_Data excerpts:_
****************************************

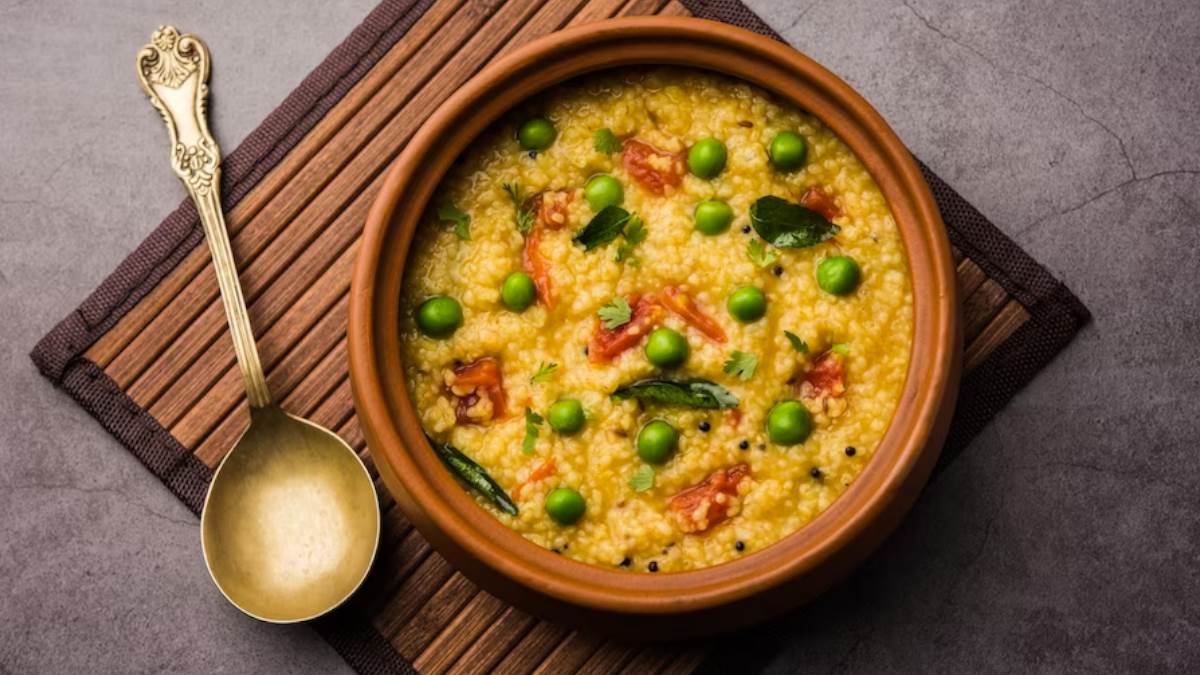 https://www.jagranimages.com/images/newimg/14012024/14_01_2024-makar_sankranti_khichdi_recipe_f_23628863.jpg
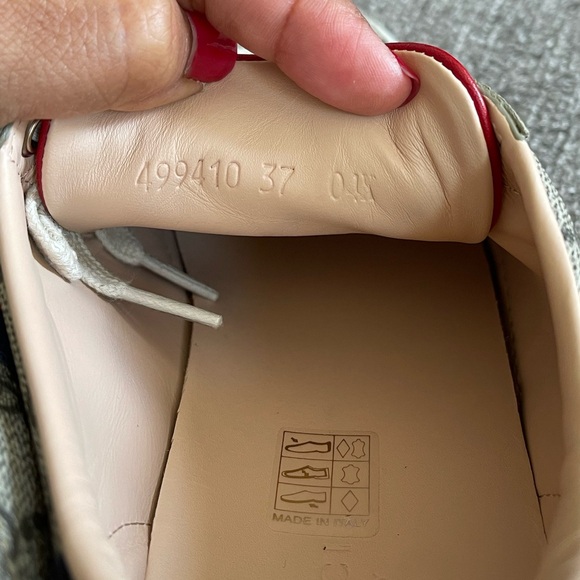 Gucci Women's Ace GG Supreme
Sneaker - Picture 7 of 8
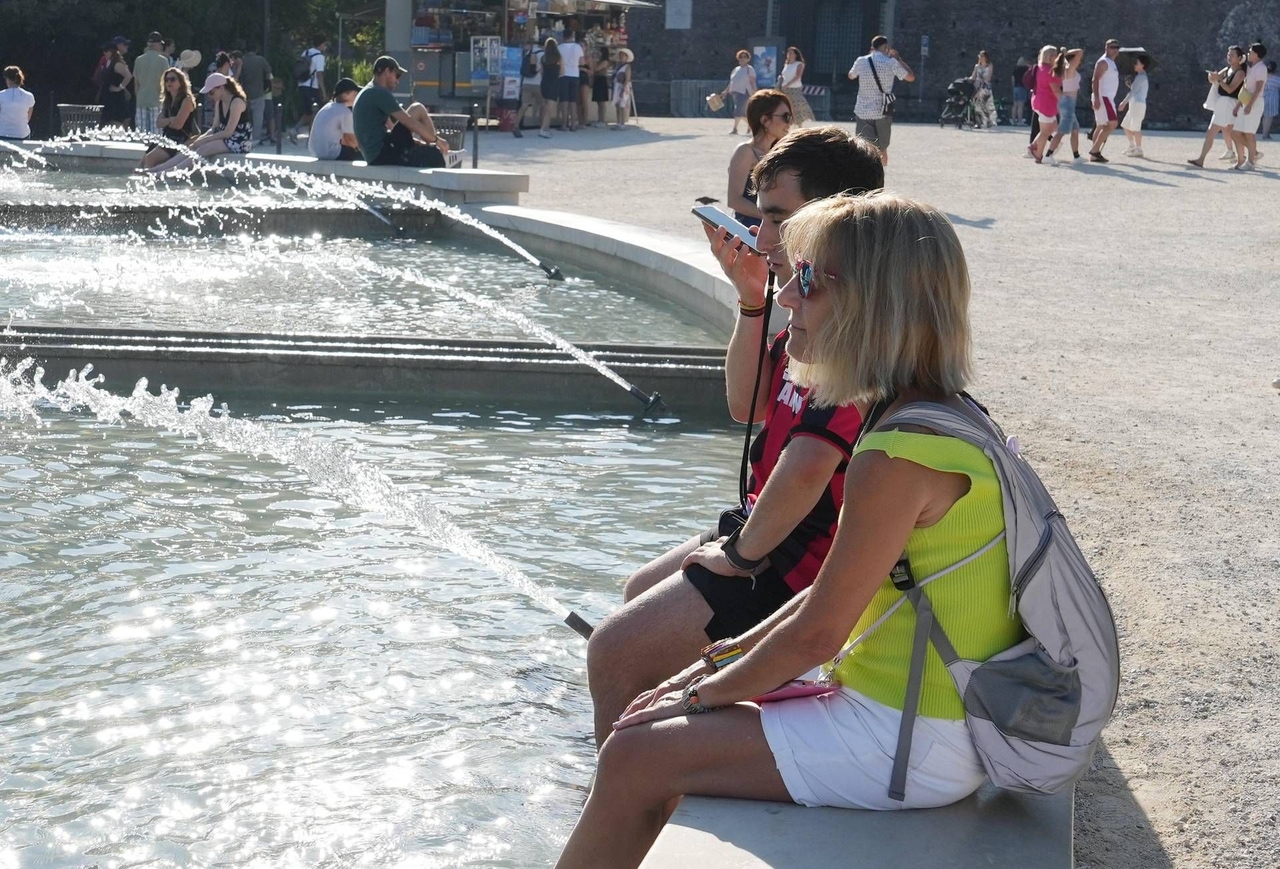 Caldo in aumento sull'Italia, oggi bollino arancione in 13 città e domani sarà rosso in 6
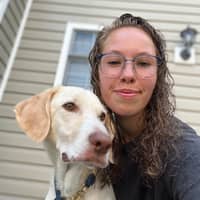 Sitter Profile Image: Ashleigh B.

****************************************

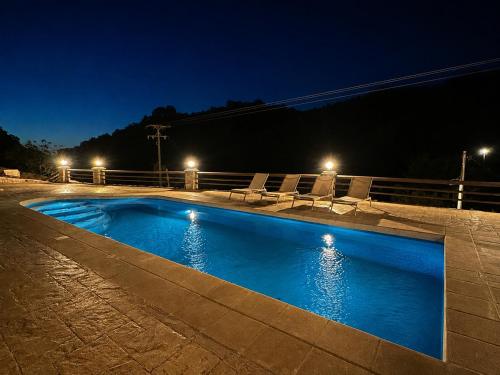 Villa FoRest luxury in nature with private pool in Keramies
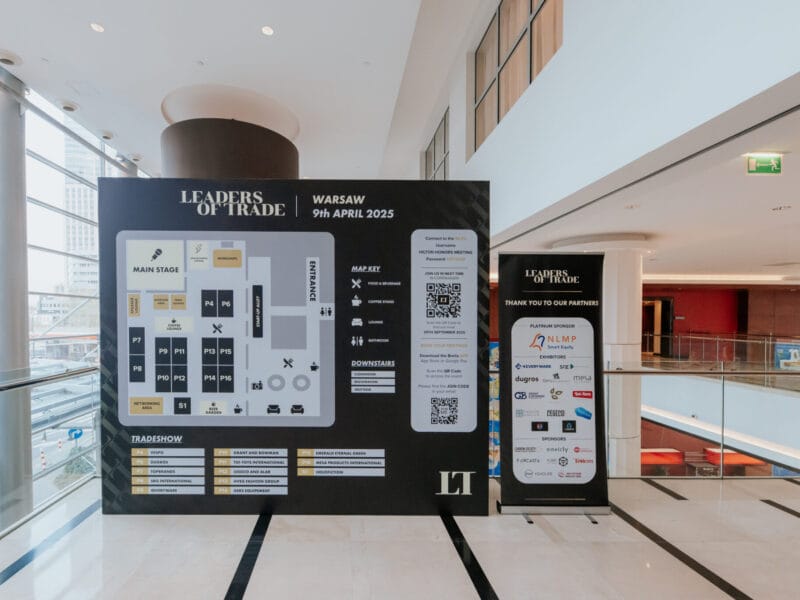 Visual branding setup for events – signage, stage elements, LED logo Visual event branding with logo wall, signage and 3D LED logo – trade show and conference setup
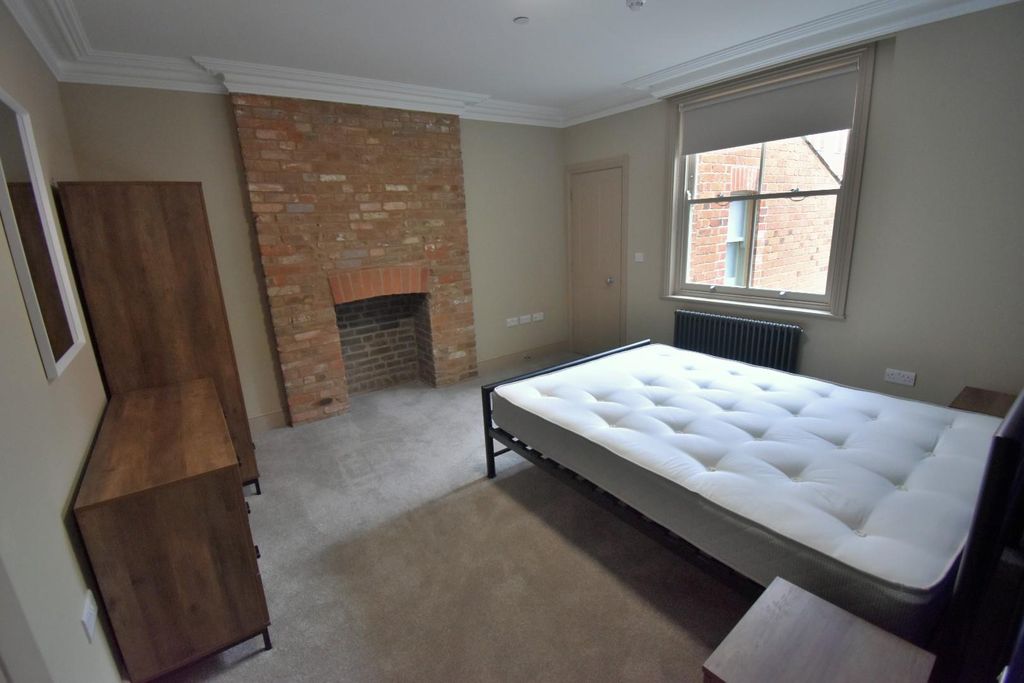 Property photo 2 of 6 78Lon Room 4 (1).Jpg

****************************************

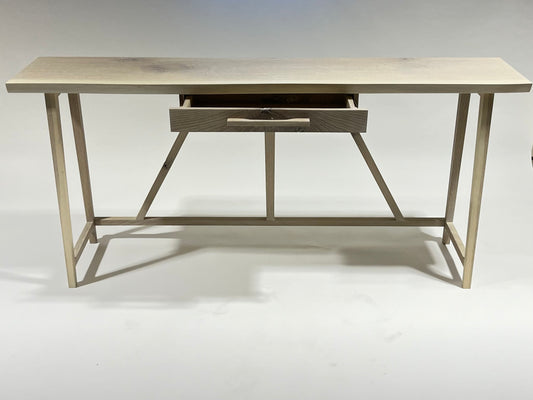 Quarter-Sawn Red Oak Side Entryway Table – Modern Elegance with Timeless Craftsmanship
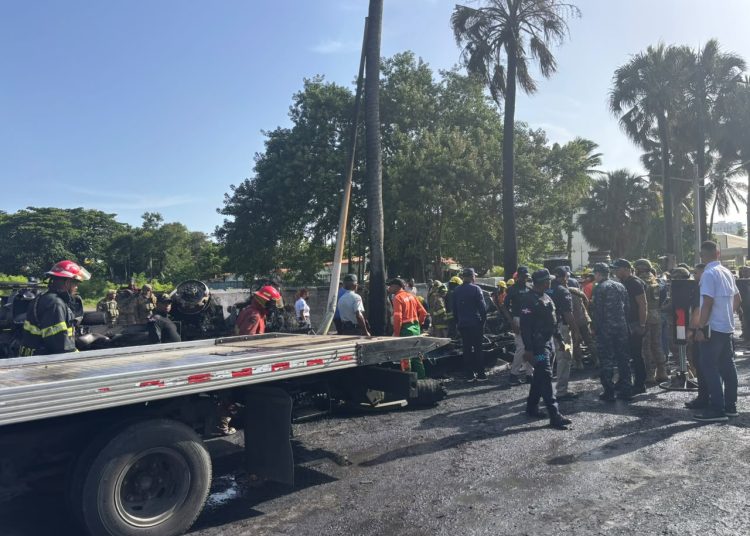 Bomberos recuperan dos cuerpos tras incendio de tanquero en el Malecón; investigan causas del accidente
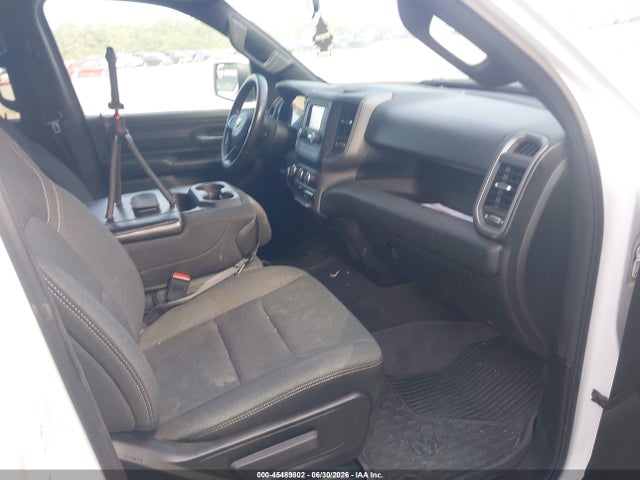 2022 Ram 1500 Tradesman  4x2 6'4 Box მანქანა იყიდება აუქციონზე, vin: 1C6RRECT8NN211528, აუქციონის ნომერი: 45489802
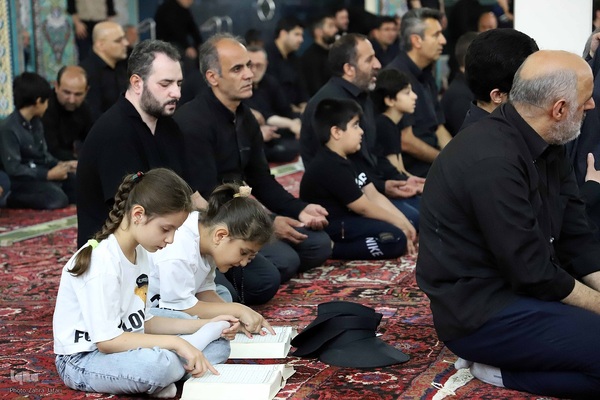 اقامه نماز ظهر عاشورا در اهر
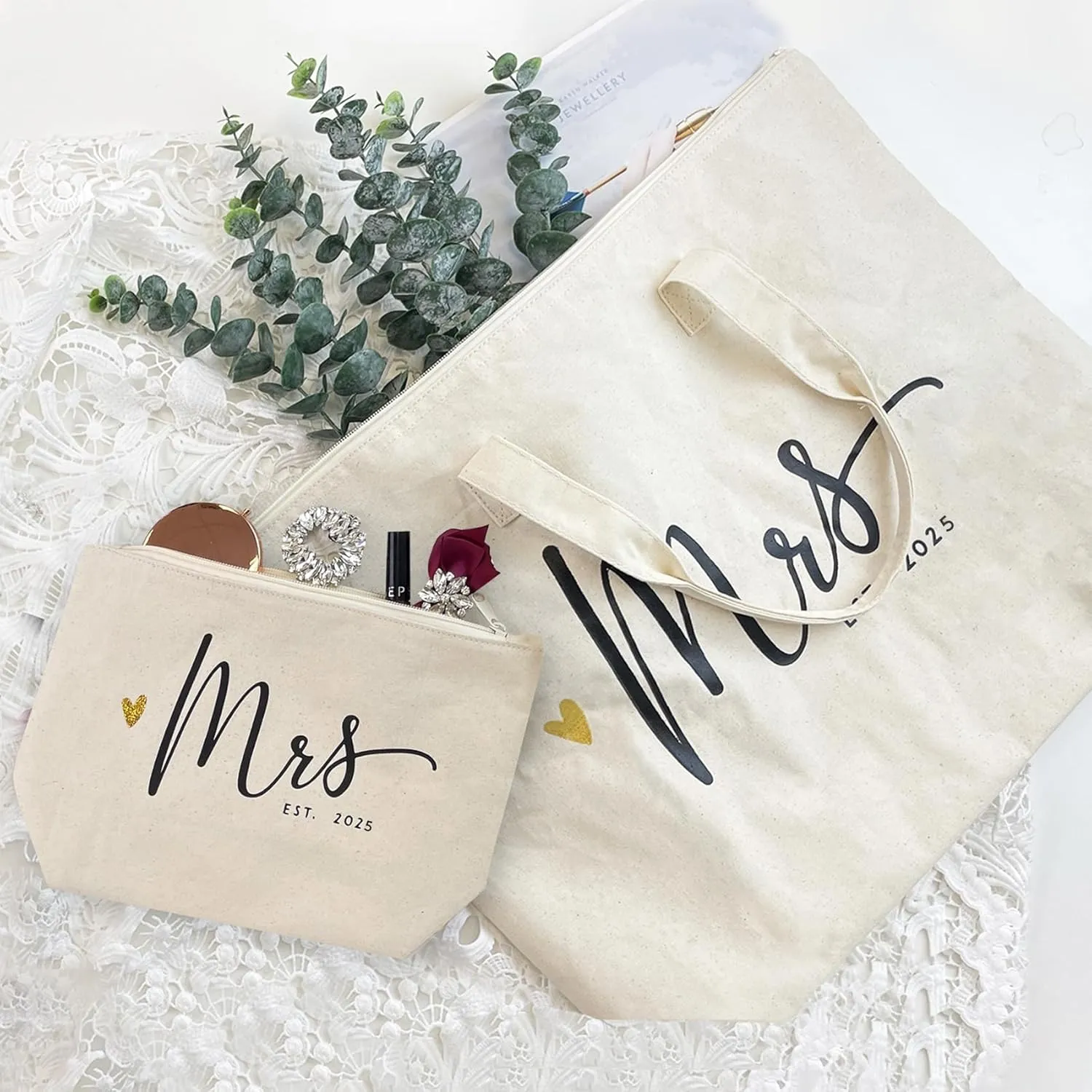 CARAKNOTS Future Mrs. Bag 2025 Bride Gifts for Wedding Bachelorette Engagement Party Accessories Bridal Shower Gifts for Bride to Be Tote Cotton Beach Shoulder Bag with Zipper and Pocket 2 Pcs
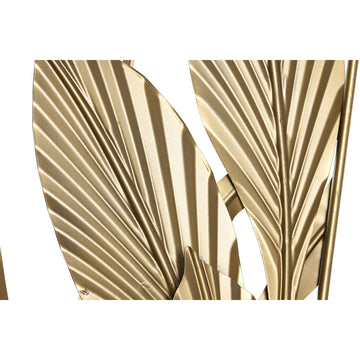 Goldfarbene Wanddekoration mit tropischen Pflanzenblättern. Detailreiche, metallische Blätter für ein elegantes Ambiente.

****************************************

_To do:_
Going by the entries above, repeat exactly the lines that start at the line with "CARAKNOTS Future Mrs." and go on through the line with "Goldfarbene Wanddekoration mit". Pictures are not part of the copy.

_Output for this task:_
 CARAKNOTS Future Mrs. Bag 2025 Bride Gifts for Wedding Bachelorette Engagement Party Accessories Bridal Shower Gifts for Bride to Be Tote Cotton Beach Shoulder Bag with Zipper and Pocket 2 Pcs
 Goldfarbene Wanddekoration mit tropischen Pflanzenblättern. Detailreiche, metallische Blätter für ein elegantes Ambiente.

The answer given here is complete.